- **Source material**
---+---
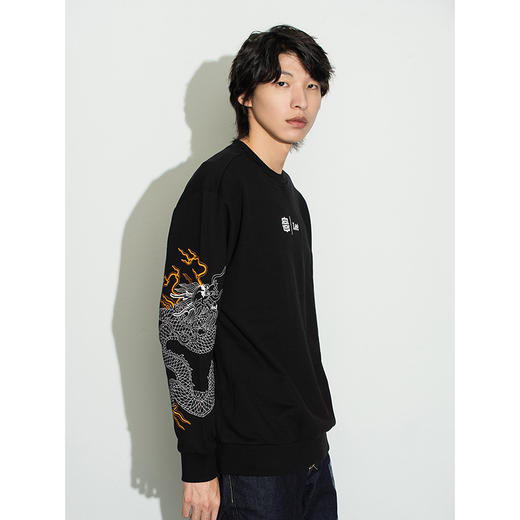 Lee宫廷文化“龙随型动”潮服彭于晏同款22秋冬新品舒适黑男卫衣 商品图3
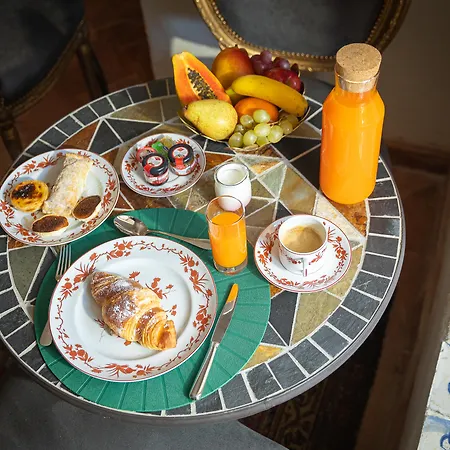 Rosegarden Essence - By Unlock 4* Sintra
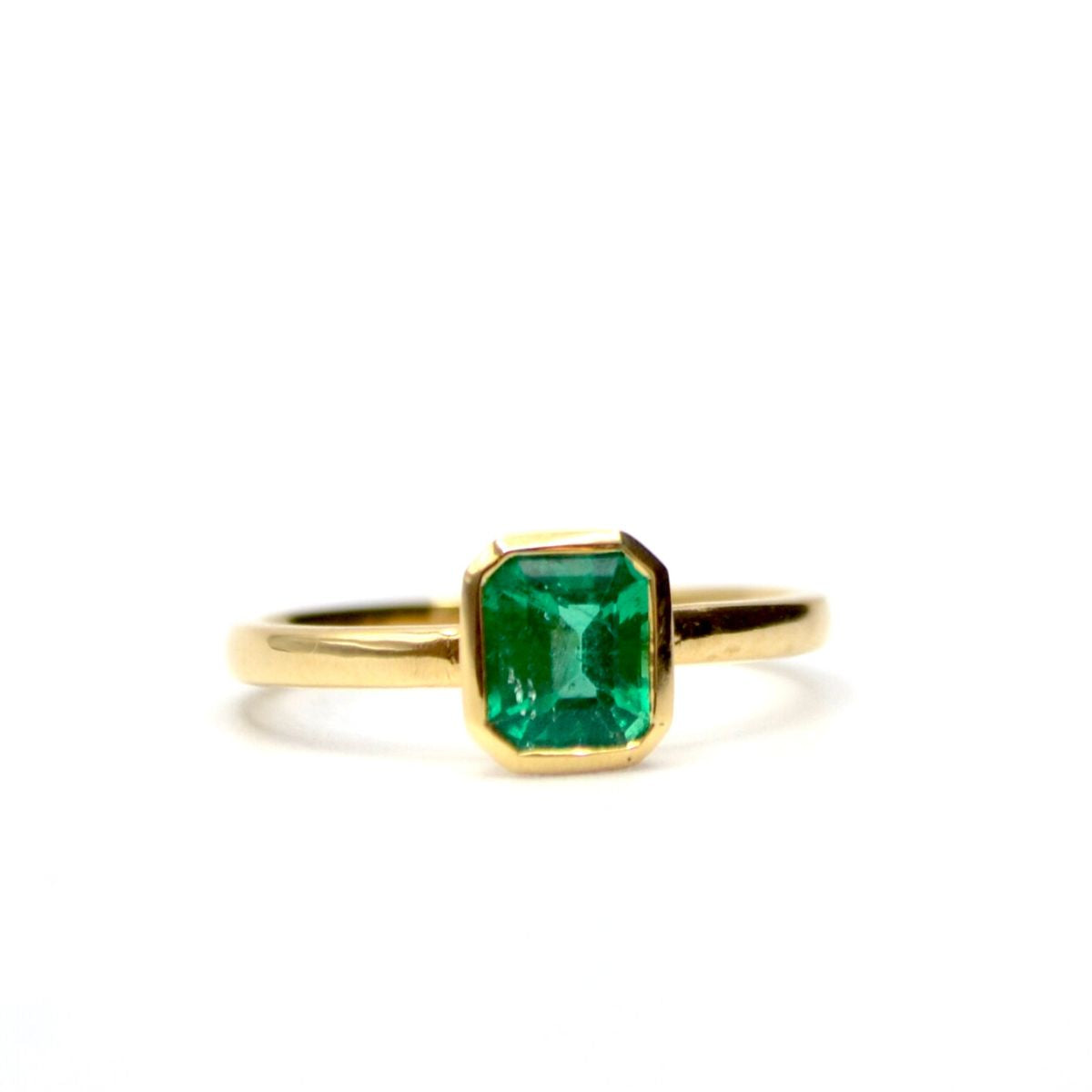 Colombian Emerald Gold Ring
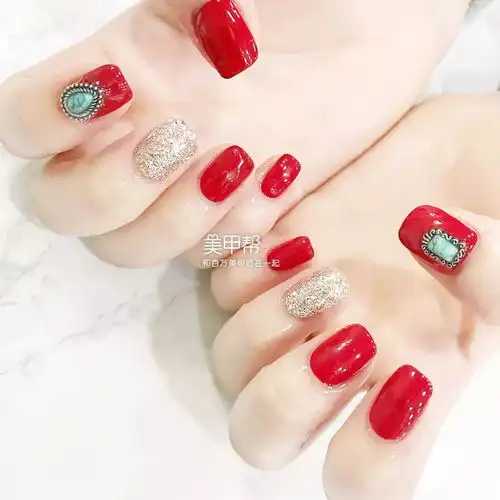 过年做韩系红色美甲,很潮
---+---
- **Task description**
No pictures belong in the output. It should reproduce exactly the lines from the one containing "Rosegarden Essence - By Unlock 4* Sintra" through the end of the data, both ends included.

- **Output below**
 Rosegarden Essence - By Unlock 4* Sintra
 Colombian Emerald Gold Ring
 过年做韩系红色美甲,很潮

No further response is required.